Architecture is the art of how to waste space
(attributed to Philip Johnson)
This is a space that somebody designed but nobody cared about. This is a space that somebody created but nobody knew what to do with. This is the difference between the computer-generated walk-through, the unreal virtual reality, and the actual reality. This is an enclosed space with a flat surface and no drainage, that collects the rainwater. This is a locked space that nobody visits, that gathers the garbage. This is a dead space, adjacent to the Travelodge and the Waitrose and the multi-storey car park, belonging to none of them, belonging to no-one. A corpse, a jumper from the Travelodge roof perhaps, might lie here for days unnoticed, undisturbed.
This space subsists within the Waterside South area of Aylesbury, a zone conjured by Aylesbury Vale District Council’s Town Centre Plan. Other buildings constructed as part of this regeneration plan are the Waterside Theatre and the University Campus.
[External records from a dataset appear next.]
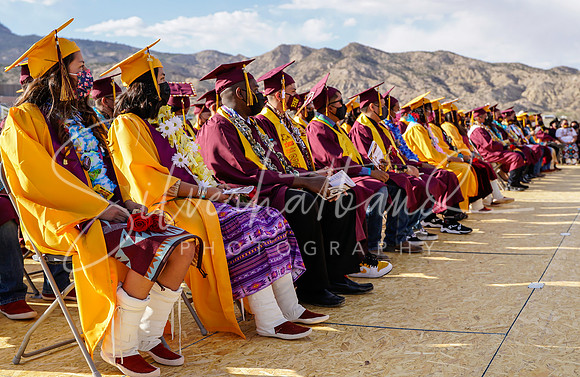 THS Grad_LowRes-19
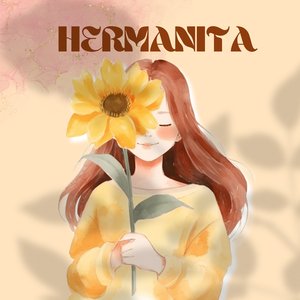 Hermanita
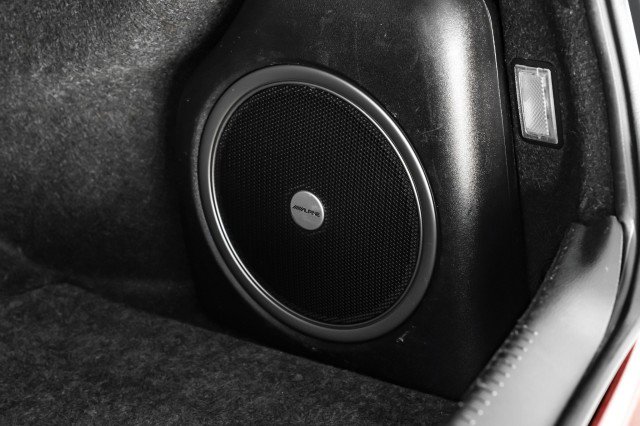 Used 2022 Chrysler 300 S image 54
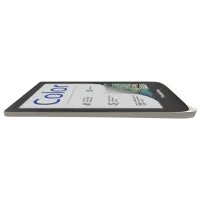 eReaders Pocketbook 633 Color 6"/ E-Ink Kaleido/ 16 ГБ/ Серебристый photo 3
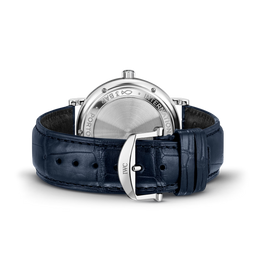 IWC Portofino Automatic Watch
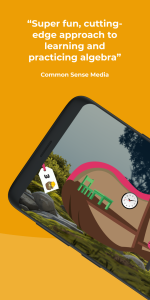 اسکرین شات 7 بازی Kahoot! Learn to Read by Poio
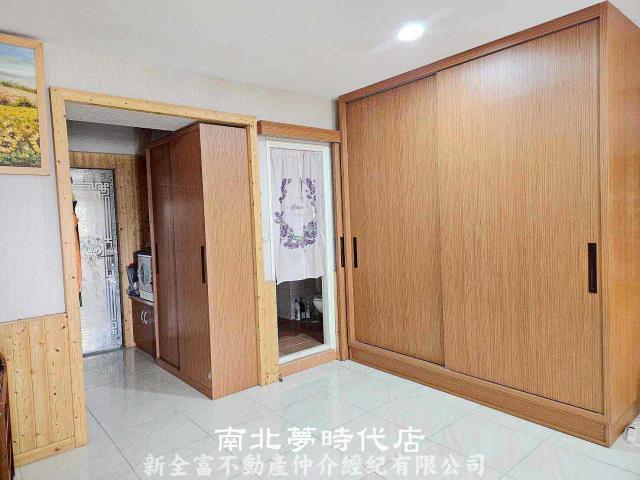 台南中西區華廈-5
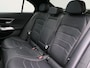 Mercedes-Benz E-klasse 300 e AMG Line / Stoelventilatie / Super-Screen / Panaroma-dak / 360Graden-Camera /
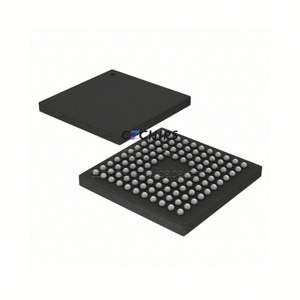 Circuito Integrado (CI) AK4961ECB-L WLCSP-116 Original, Nuevo y Garantizado, CZSKU:R3A9P0R9 - Product Image 1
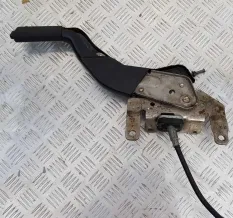 Рычаг ручного тормоза Ford Mustang 2004-201 104680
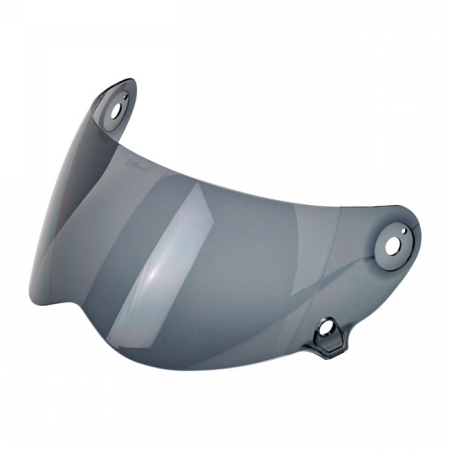 BILTWELL LANE SPLITTER ANTI-FOG FACE SHIELD SM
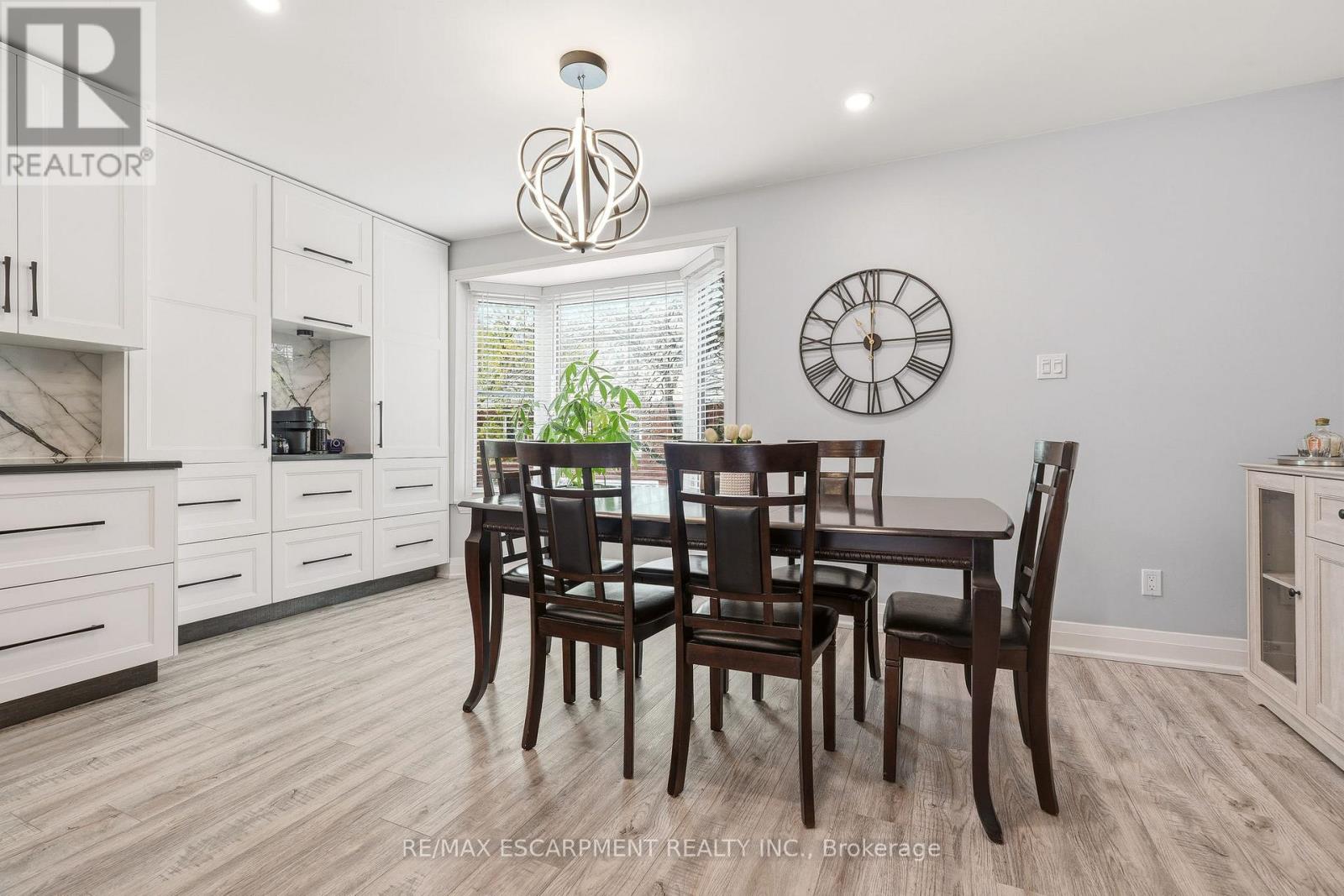#12 130 LIVINGSTON AVENUE - 19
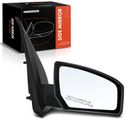 A-Premium side mirror for 2007 Nissan Sentra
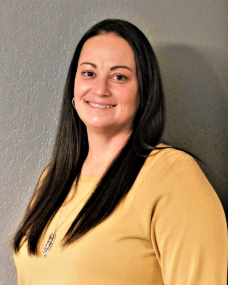 Cheyenne Eller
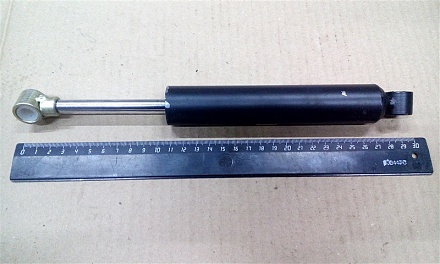 Амортизатор сиденья МТЗ  80-6809100-11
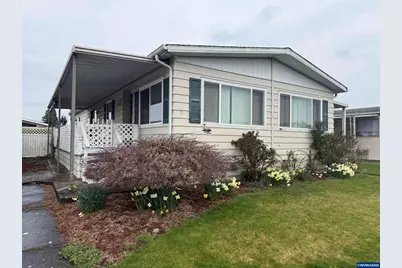 5422 Portland (#24) Rd NE, Salem, OR 97305 - Photo 35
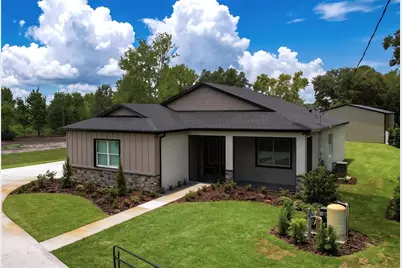 8308 Gibson Oaks Drive, Lakeland, FL 33809 - Photo 1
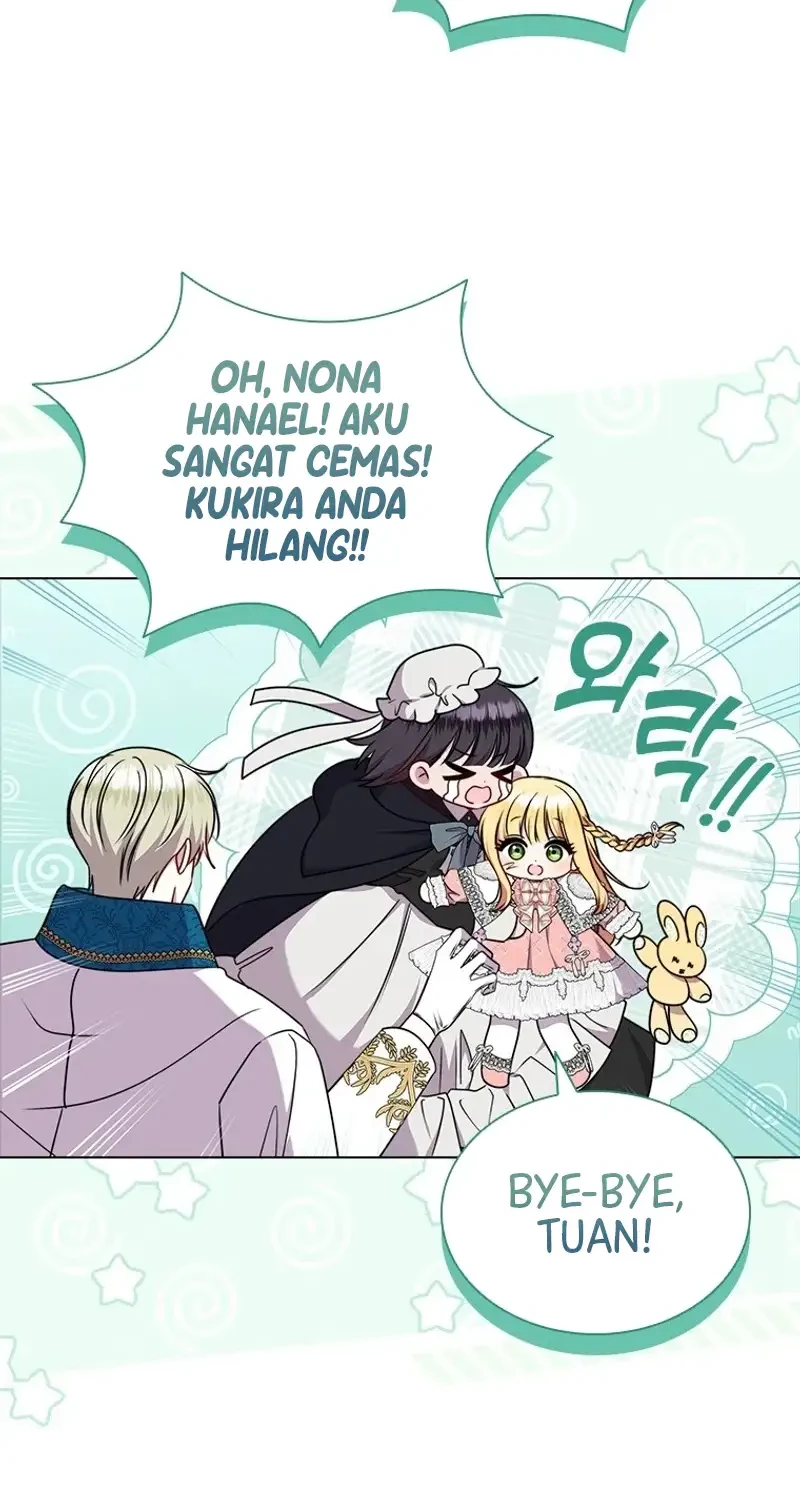 Chapter 34 - halaman 31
Investment and jobs and new public spaces are all Good Things. I like the Theatre building, and the plaza by the canal basin has potential but is a bit of a blank at the moment. The University building is a dud though, a grim white triple-shed, more suitable for storing aircraft parts than inspiring thought and learning.

Back to that dead space. Attention to detail is one of the qualities that separates good architecture from the merely adequate and the downright bad. Why did nobody care enough about this space to make it useful or beautiful? It could have been a roof garden or a playground or a terrace cafe. Sure, it’s small and insignificant, but it matters. Millions were spent on the Waterside South scheme. Why not a few thousand on this space, rather than leaving it as a nullity, a void fit for nothing but waste water and rubbish? I don’t get it.